Wednesday, March 25, 2015

Out Of The Closet

Not THAT closet!

I realized recently - an annoying part of massive introspection - that I feel guilty for EVERYTHING I do. And that I am doing it wrong. They go hand in hand. And it occurred to me that although I suspected it, in observing the world, many people do not walk around with this kind of excessive guilt. They live their lives following their own scripts and are happy about it. Who knew?

When I was in Rockport in January, Joan said something to me that made me realize that not only was I loved, but liked. I have felt like the family failure for so long I could barely take it in. I feel like I have been hiding who I am and what I want because I was ashamed of not following the family formula for success - which has worked well for those who did. Ashamed of struggling. Ashamed of having no money and not being able to get a job. Ashamed for reaching higher when I have no business reaching higher because I am so low and not even supporting myself yet.

Well, with all of that I decided I needed to come clean. I am following my own path. As long as I remember I have wanted to invest in real estate. Tom and I looked into it, but were really confused about what to do. When everyone was rich, we did jump in, but the wrong way and with disastrous results. So the sensible thing would be to walk away. And then what? I need something for myself. I need something that can actually support me and I am determined to do this right this time.

For a few years I have been actively pursuing this goal. Mainly in networking and learning. The most valuable resource I have found has been InvestClub for Women out of Orange County. I have plugged in there and joined their Mastermind group and it is a fantastic place for support, education, contacts and direction. And there is FINALLY a local group of investors who do fix and flipping here in Temecula whose meetings are FREE, so even better.

My focus is on wholesaling. I have gotten my feet wet and last year I co-wholesaled (I don't suppose wholesold would be right?) a house and got a small payment for that. Yay. Since then, partly due to my own fears, I have come close but not quite there. I will get this right.

In this last year I have worked my ass off on trying to get my mental game right. I have some real issues with charging for my services - accepting money I have earned. I am great with volunteer stuff, but awful asking to get paid. It is an issue. And I need to conquer it. Getting there.

Pictures of chickens and vegetables are lovely. And believe me I could do one a day. But it isn't my life. Striving to get independent is. And I am here to attest to the fact that trying to do this on no money, although possible, is a pain in the ass. Still willing to work. Still looking. Pull back when I can't afford the rejection anymore and then plug away again. Doesn't help that I live in the boonies as far as that goes. But some paraplegic blind guy who has to borrow a cell phone will make his way doing this I imagine, so I am sure I can too.

So up to date. I will be looking at some houses this week and tie them to a visit to the Bocharov manse (since I cannot - still - do this and not feel guilty about it. Geeesh I am too old for this nonsense!)

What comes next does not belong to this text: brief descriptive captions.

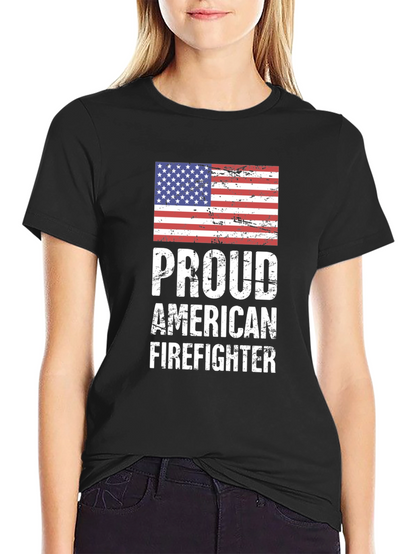 Proud American Firefighter Graphic T-Shirt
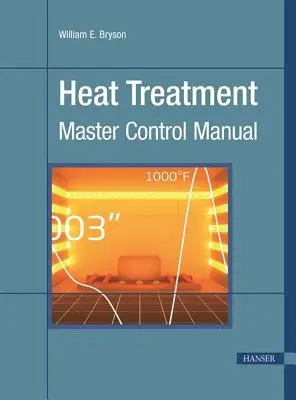 Trattamento termico: Manuale di controllo master - Heat Treatment: Master Control Manual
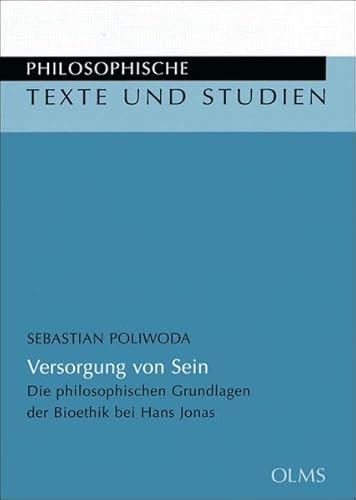 Stock image for Versorgung von Sein. Die philosophischen Grundlagen der Bioethik bei Hans Jonas. for sale by Antiquariat Rainer Schlicht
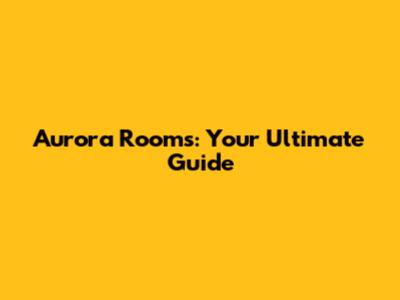 Aurora Rooms: Your Ultimate Guide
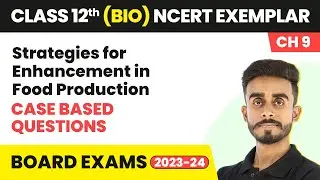 Strategies for Enhancement in Food Production- Case Based Questions |Class 12 Biology NCERT Exemplar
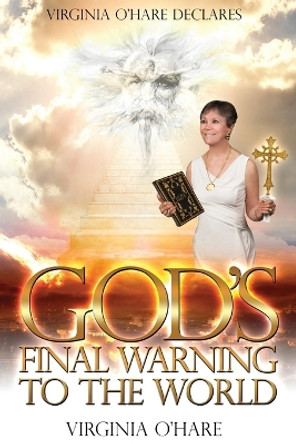 Virginia O'Hare Declares God's Final Warning To The World by Virginia O'Hare 9780578801902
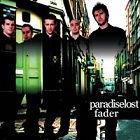 Paradise Lost - Fader (single)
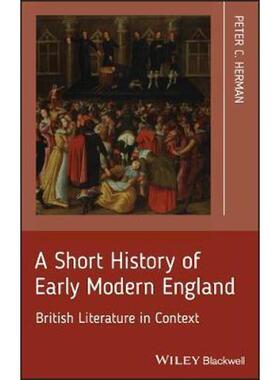 预订不退不换A Short History of Early Modern England:British Literature in Context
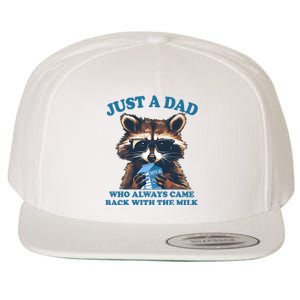 Funny Fathers Day Just A Dad Who Always Came Back With The Milk Raccoon Wool Snapback Cap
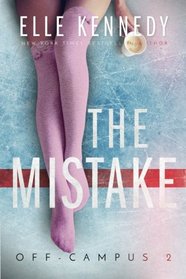 The Mistake (Off-Campus, Bk 2)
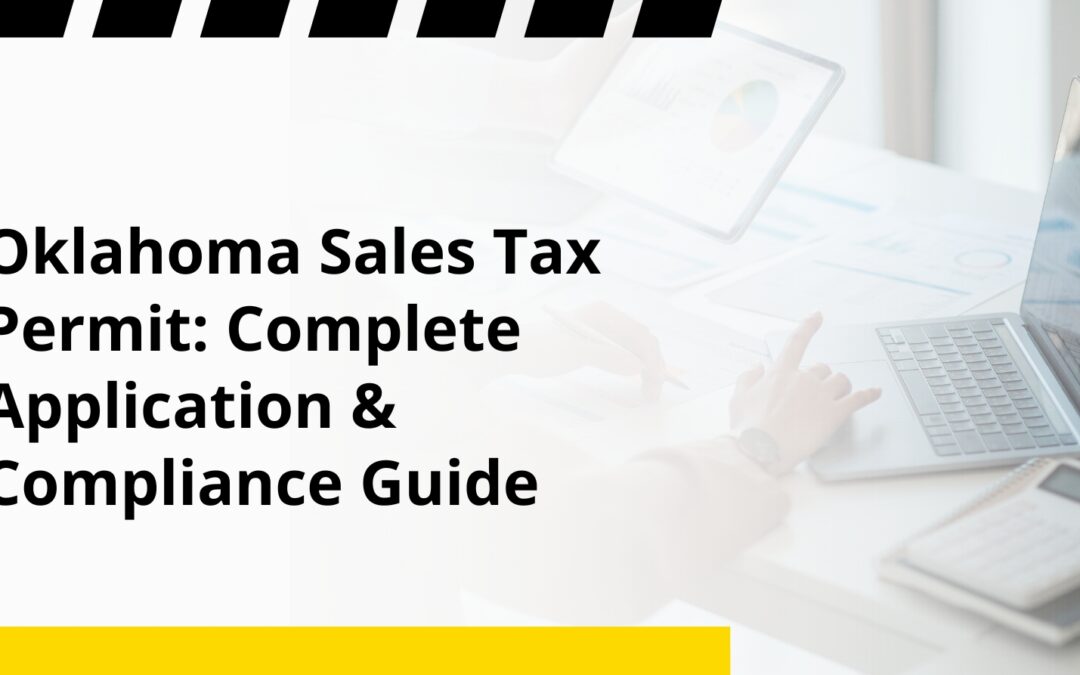 Oklahoma Sales Tax Permit: Complete Application & Compliance Guide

In the meantime, I look forward to a visit from the Thomas Zimmermanns of Sacramento and my sister, Beth although I do not look forward to the reason. Jean will be having surgery for her colon cancer this next Tuesday. I am very optimistic for her, but it will be a hard surgery and it will be a hard recovery. It does sound like they caught it early. Very hard to just be a bystander and not be able to anything to fix it.

Here's to my success. If I can get on my feet everyone wins - especially those holding me up now!!!! 




So I could add a picture, I took Keith to his improv performance recently when both parents were otherwise committed. He was really very good. And has a great stage voice. Bravo Keith!


2 comments:

Trish said...

Clare, you can do this! I hope that you also get over the reluctance to accept pay for your services!! I am certain that the work you do will be of great value!

I will be keeping Jean in my prayers, and hope that the surgery goes well. Keep me apprised, and be her rock.

love to you and the whole family,
Trish

Clare said...

THANK YOU Trish!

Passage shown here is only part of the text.